Standard finite state machine contain only a single current state. Whereas in Petri nets multiple locations, more or less comparable with states in a finite state machine, can contain one or more tokens. A finite state machine is single threaded while a Petri net is concurrent.
In a finite state machine the active state changes in response to an event. In a Petri net transitions are executed as soon as all input locations contain at least one token.
A finite state machine can be considered as a special case of a Petri net.
In general I would recommend using a finite state machine if your process, or the part you wish to represent, is single threaded: fellow software engineers are probably more familiar with finite state machines; and there are more tools to convert a finite state machine to an implementation.
Use a Petri net only when you need the concurrency or extra expressivity. Or when you are modeling a factory plant where half fabricates are transformed into products or when your audience is more familiar with this image.
Perhaps Petri nets can also be used to model, visualize running, massive concurrent systems such as micro service architectures, azure service fabric reliable services and reliable actors, services running on kubernetus, azure function, and AWS Lambda.
In addition, there is more theoretical research about, and using, Petri nets than there is about finite state machines (note that, as I said earlier, finite state machines are reducible to Petri nets).
In State Machines, the state is global. Given two states, all you can say is "these states are different". In Petri Nets, the state is structured by places. The state is a marking, which says how many tokens are in each place. Given two markings, you can compare them and say "they are the same in places X,Y,Z but differ in places U,V,W".
When defining an FSM, you have to look at each state individually and determine the possible transitions to other states. Each transition in a Petri Net represents a whole group of transitions in the underlying reachability graph. For example, a Petri Net transition might say: From every marking that has a token in P1 and a token in P2, this model can reach a marking that has one token less in P1, and one token less in P2, but one token more in P3. If the reachability graph has 8, or 800, markings with that property, the single Petri Net transition represents 8, or 800, transitions in the reachability graph.

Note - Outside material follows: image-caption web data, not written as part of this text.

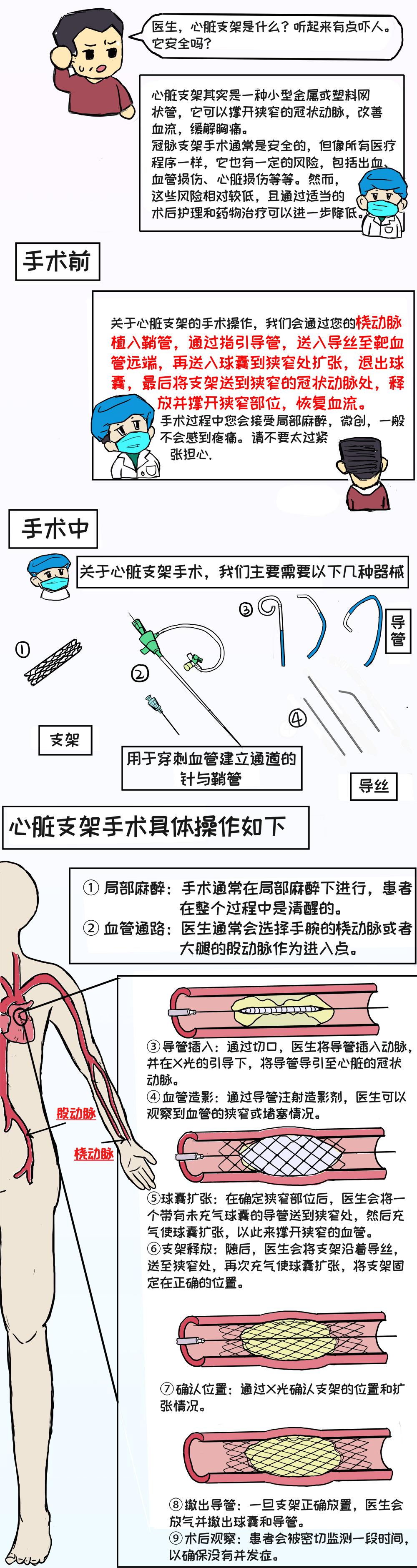 心脏支架从哪里放进去图片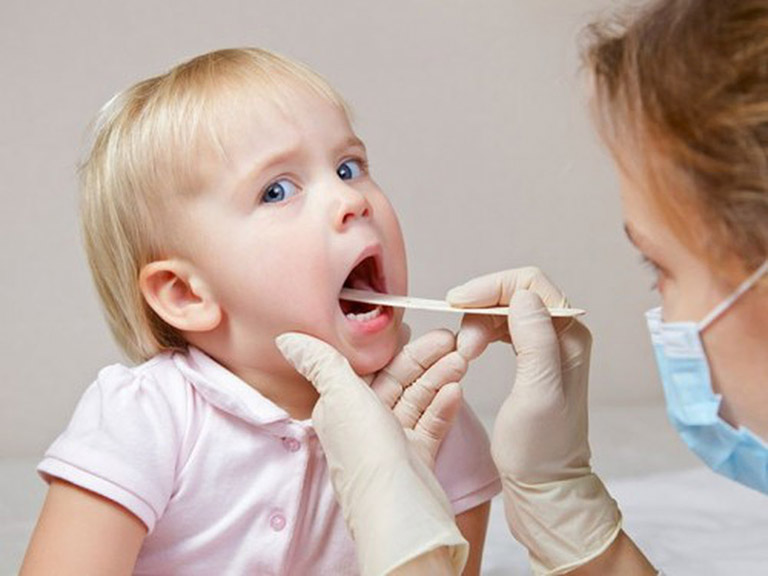 Tìm hiểu bệnh viêm họng cấp ở trẻ em và cách chữa trị 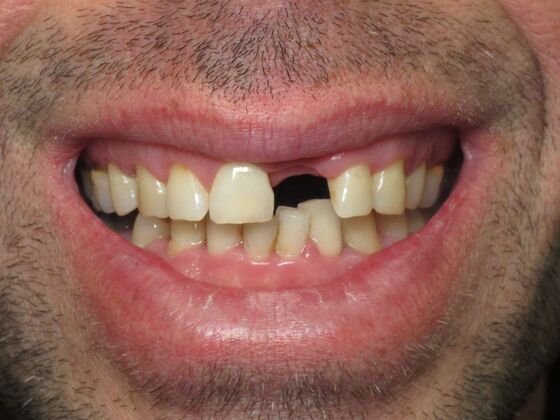 Individual Implants Front Dental Implants for Two Missing Front Teeth - Before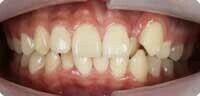 前歯クロスバイトの弊害
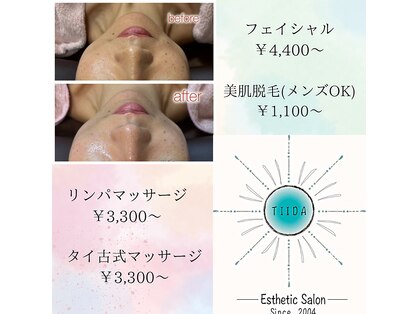 エステアンドタイ古式整体ティーダの写真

In Petri Net models, you can create transition invariants. Those are cycles in the reachability graph. Then you can put more tokens into the initial marking of the model, and the number of states in the reachability graph explodes. Its structure is still given by the same cycles as in a model with less tokens though, and the Petri Net model remains understandable. For example, think of a Client/Server system. You have places for the Clients, places for the Servers, places for the messages flowing back and forth. Then you just put in tokens for the numbers of Clients and Servers you want to model. They are easily changed.
As for when to use what, I agree with Kasper van den Berg.
- If you have a problem that's small enough to be handled with an FSM, then use an FSM. Maybe up to two dozen states?
- If you have a problem that naturally maps to an FSM, then use an FSM. You'll probably use an algorithm to construct the FSM in such cases. For example, parsing input with regular expressions. (Btw, many regular expression libraries have extensions that require at least a stack machine for processing.)
- If you need to create a model for distinguishable subsystems that interact with eachother, use Petri Nets. Then you can have a set of places for each subsystem, whereas an FSM would require you to create a new state for every possible combination of every substate in each subsystem.